WHAT TO PRODUCE →
Omitting all images, set down every line below exactly as it appears.

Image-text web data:
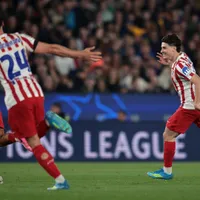 En los cuartos de final de la Liga de Campeones, Julián Álvarez anotó de tiro libre y el Atlético de Madrid derrotó 2-0 al Barcelona.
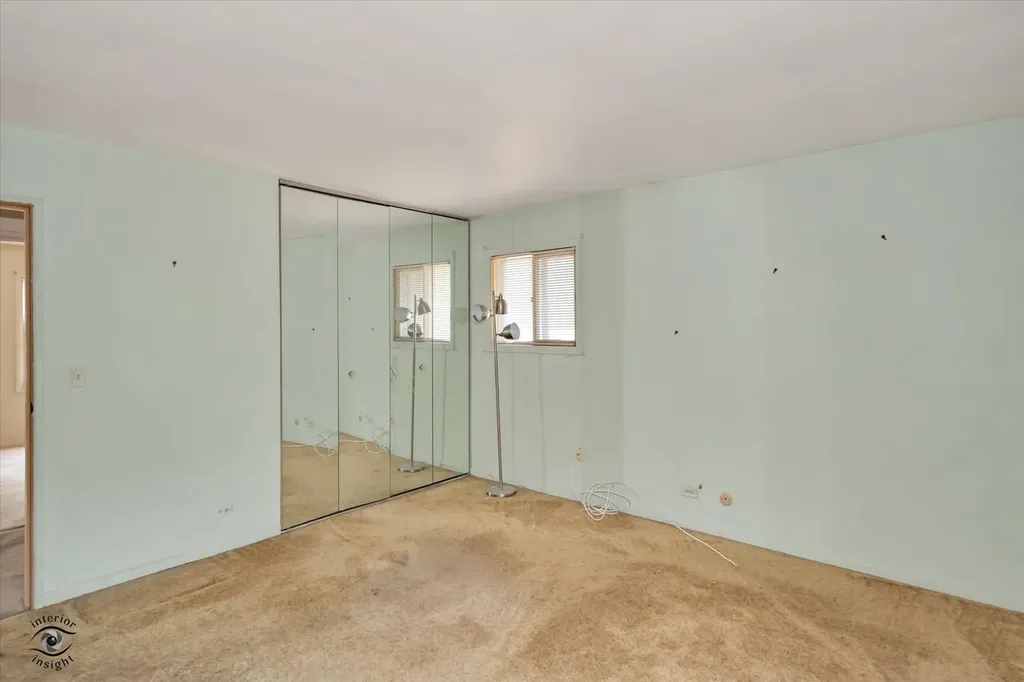 226 Charlestown Drive Bolingbrook IL 60440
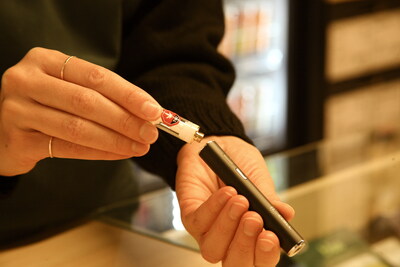 The SQDC to begin selling vaping products (CNW Group/Société québécoise du cannabis) The SQDC to begin selling vaping products (CNW Group/Société québécoise du cannabis)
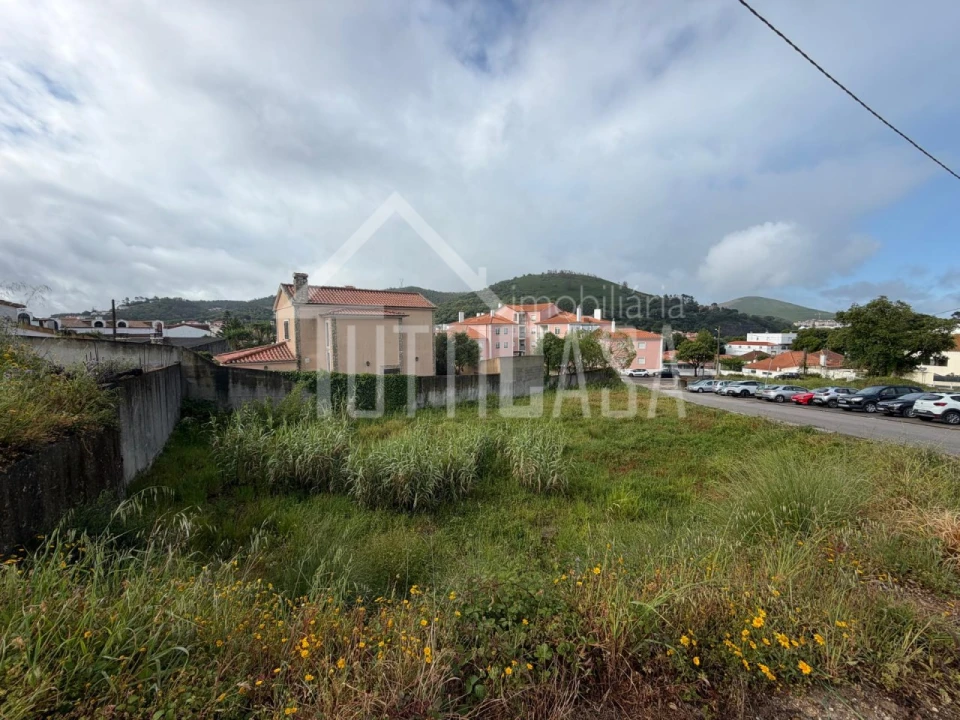 Terreno para Venda em Venda do Pinheiro e Santo Estêvão das Galés Foto 10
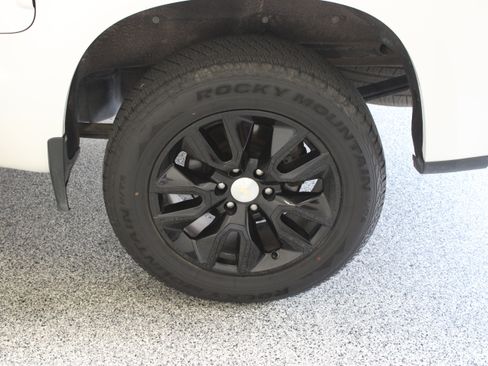 Used 2021 Chevrolet Silverado 1500 LT w/ Safety Package RWD image 11
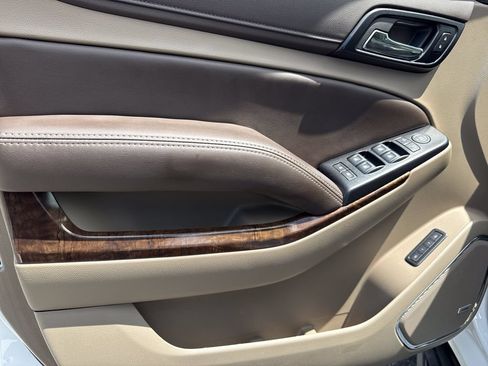 Used 2020 Chevrolet Suburban LT RWD image 10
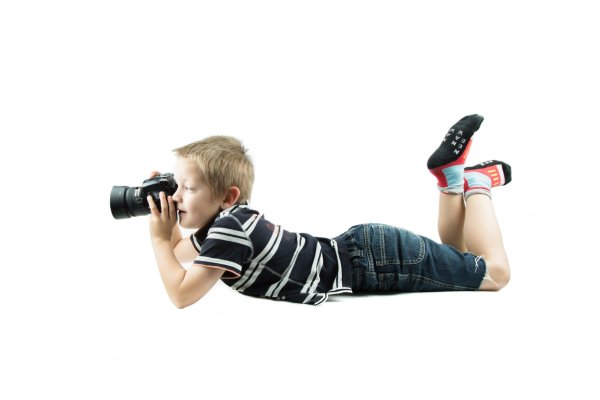 Малыш с фотоаппаратом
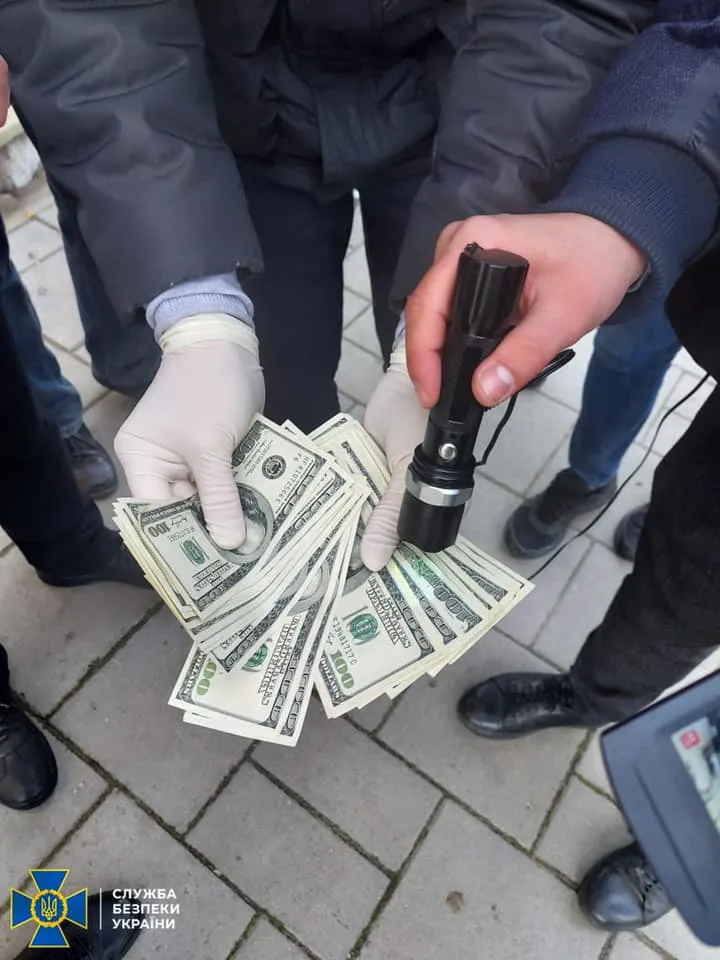 затримання працівника суду у Львові затримання працівника суду у Львові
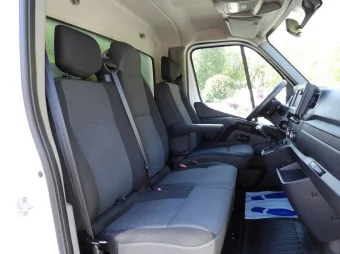 Renault Master kontener winda 9 palet 145KM 189738 - wnetrze
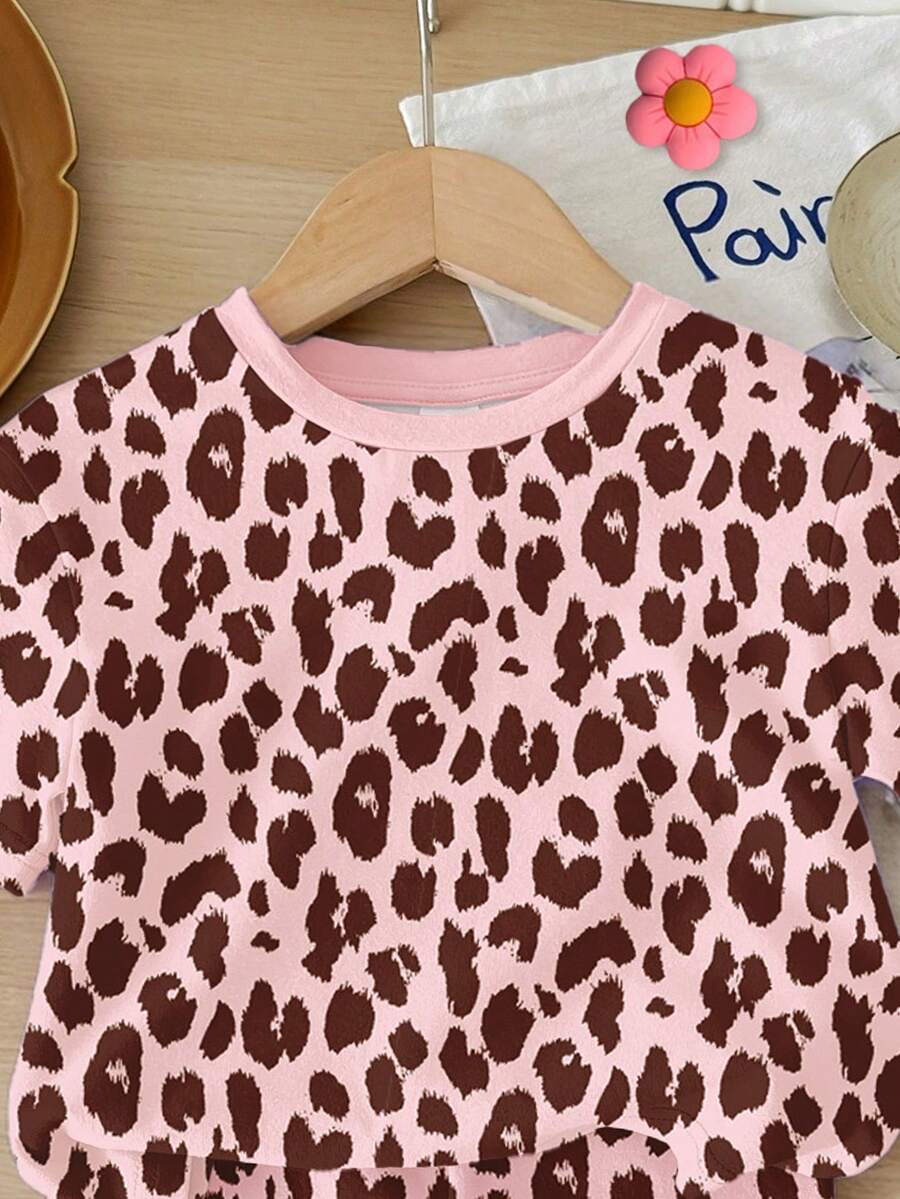 Young Girl Young Girl Casual Minimalist Short Sleeve T-Shirt And Shorts 2-Piece Set Suitable For Summer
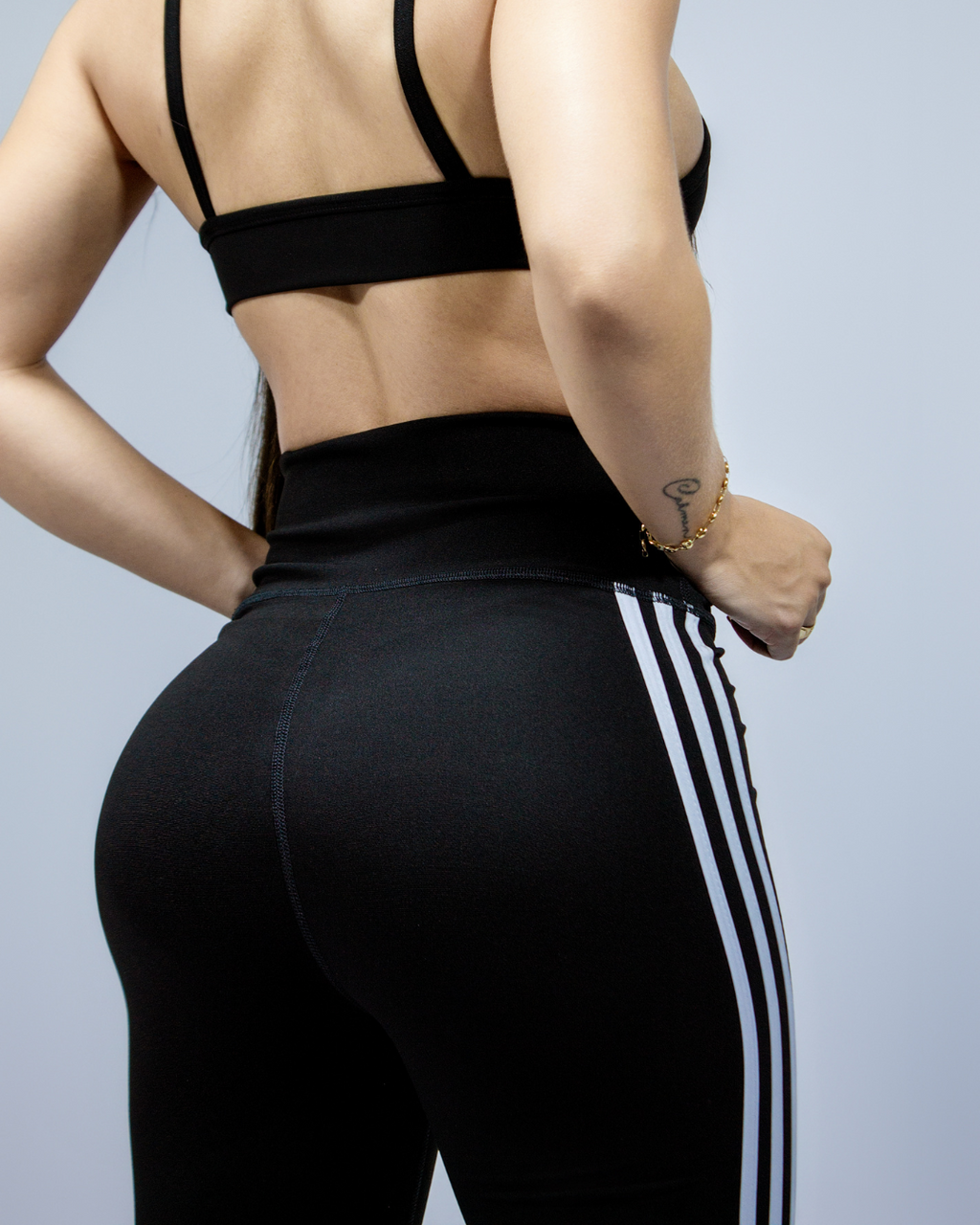 Leggins Line Black LR  Tela Gruesa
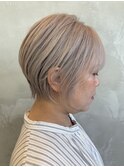 ショートボブハンサムショートハイトーンミルクティーベージュ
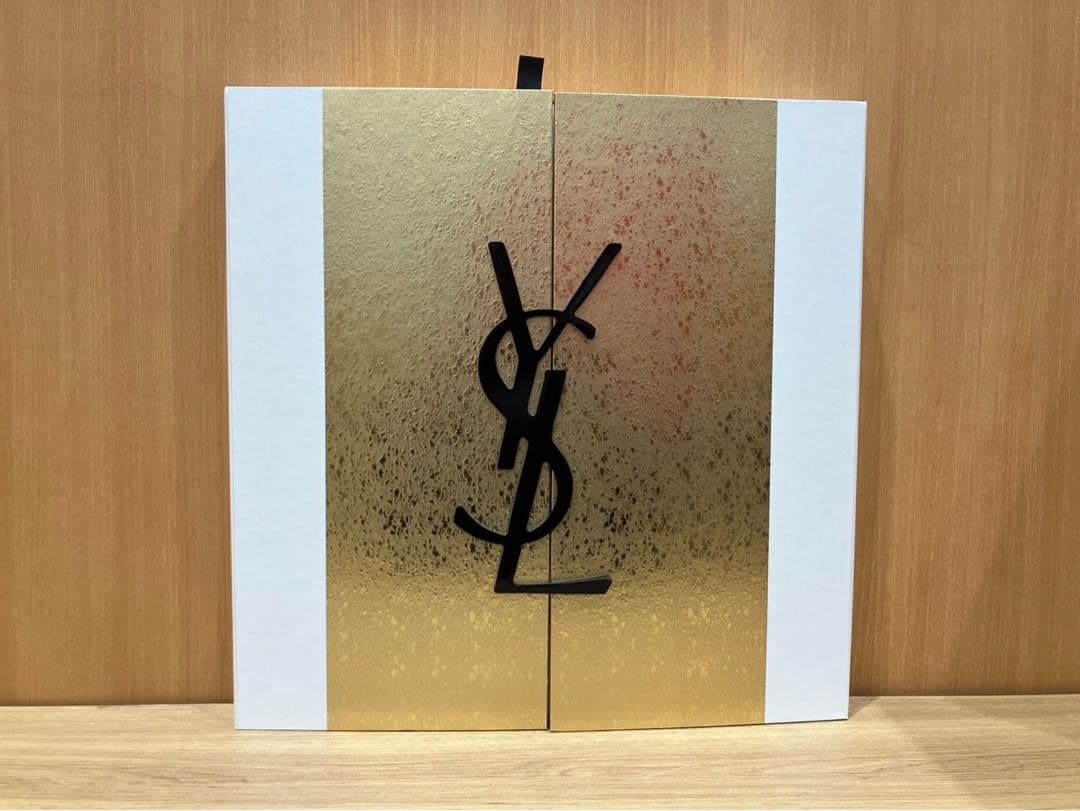 ◇イヴサンローラン　ノエル　アドベントカレンダー　2021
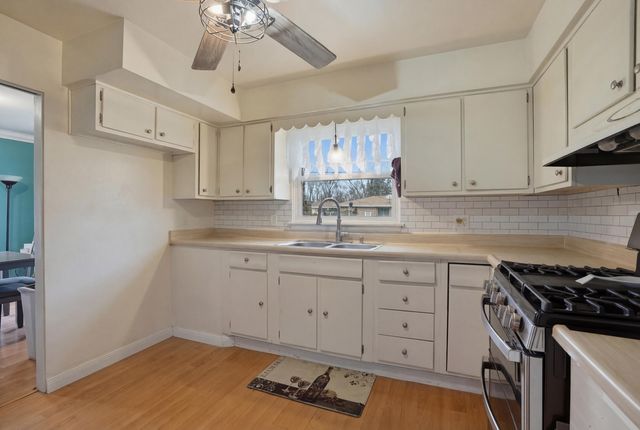 5335 Buchanan Street, Merrillville, IN 46410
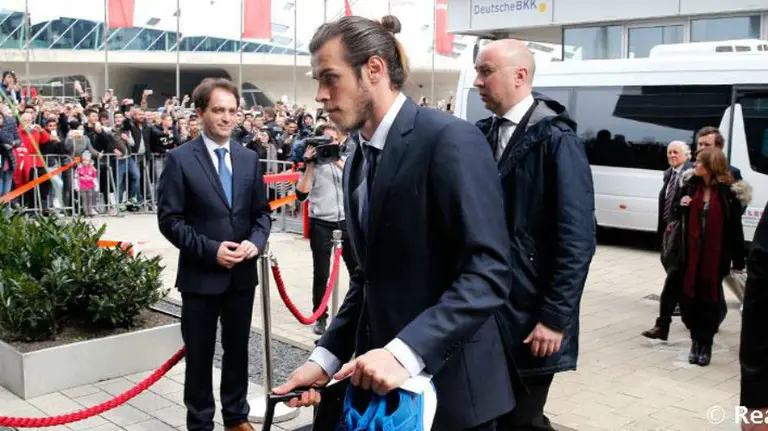 Gareth Bale entrando en el hotel. Foto web Real Madrid.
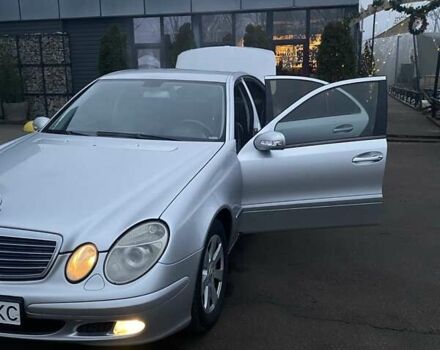Серый Мерседес Е-Класс, объемом двигателя 3.2 л и пробегом 302 тыс. км за 8250 $, фото 6 на Automoto.ua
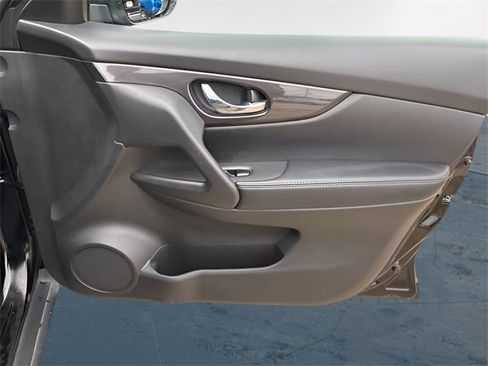 Used 2018 Nissan Rogue SV image 14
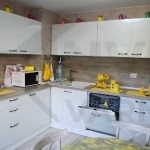 Дава се под наем Тристаен апартамент в Варна, Цветен квартал - 160 кв.м за 700 € - Снимка #1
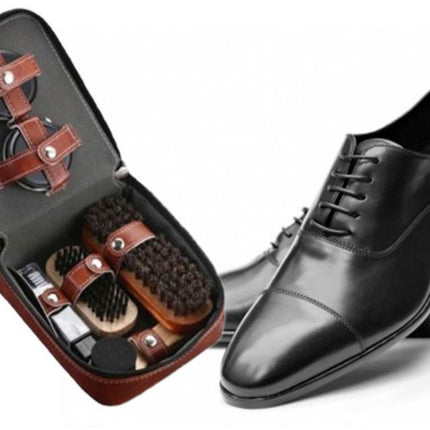 Exklusivt skoputsset med svart skokräm med väska och 7 tillbehör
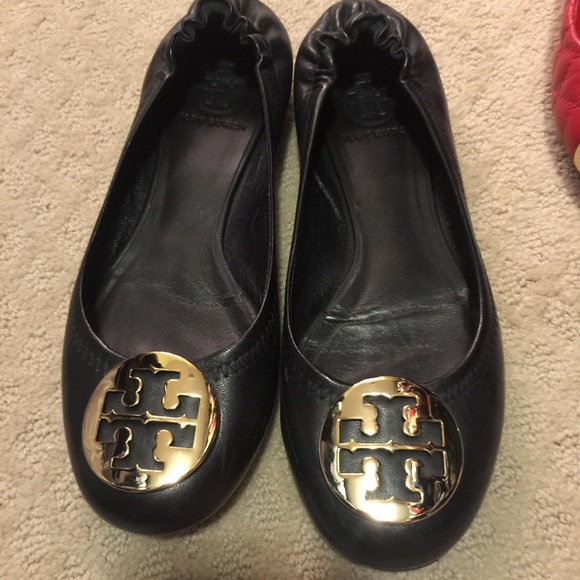 Tory burch Reva black with gold flats size 7.5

SOLUTION FOR THIS TASK →
 En los cuartos de final de la Liga de Campeones, Julián Álvarez anotó de tiro libre y el Atlético de Madrid derrotó 2-0 al Barcelona.
 226 Charlestown Drive Bolingbrook IL 60440
 The SQDC to begin selling vaping products (CNW Group/Société québécoise du cannabis) The SQDC to begin selling vaping products (CNW Group/Société québécoise du cannabis)
 Terreno para Venda em Venda do Pinheiro e Santo Estêvão das Galés Foto 10
 Used 2021 Chevrolet Silverado 1500 LT w/ Safety Package RWD image 11
 Used 2020 Chevrolet Suburban LT RWD image 10
 Малыш с фотоаппаратом
 затримання працівника суду у Львові затримання працівника суду у Львові
 Renault Master kontener winda 9 palet 145KM 189738 - wnetrze
 Young Girl Young Girl Casual Minimalist Short Sleeve T-Shirt And Shorts 2-Piece Set Suitable For Summer
 Leggins Line Black LR  Tela Gruesa
 ショートボブハンサムショートハイトーンミルクティーベージュ
 ◇イヴサンローラン　ノエル　アドベントカレンダー　2021
 5335 Buchanan Street, Merrillville, IN 46410
 Gareth Bale entrando en el hotel. Foto web Real Madrid.
Серый Мерседес Е-Класс, объемом двигателя 3.2 л и пробегом 302 тыс. км за 8250 $, фото 6 на Automoto.ua
 Used 2018 Nissan Rogue SV image 14
 Дава се под наем Тристаен апартамент в Варна, Цветен квартал - 160 кв.м за 700 € - Снимка #1
 Exklusivt skoputsset med svart skokräm med väska och 7 tillbehör
 Tory burch Reva black with gold flats size 7.5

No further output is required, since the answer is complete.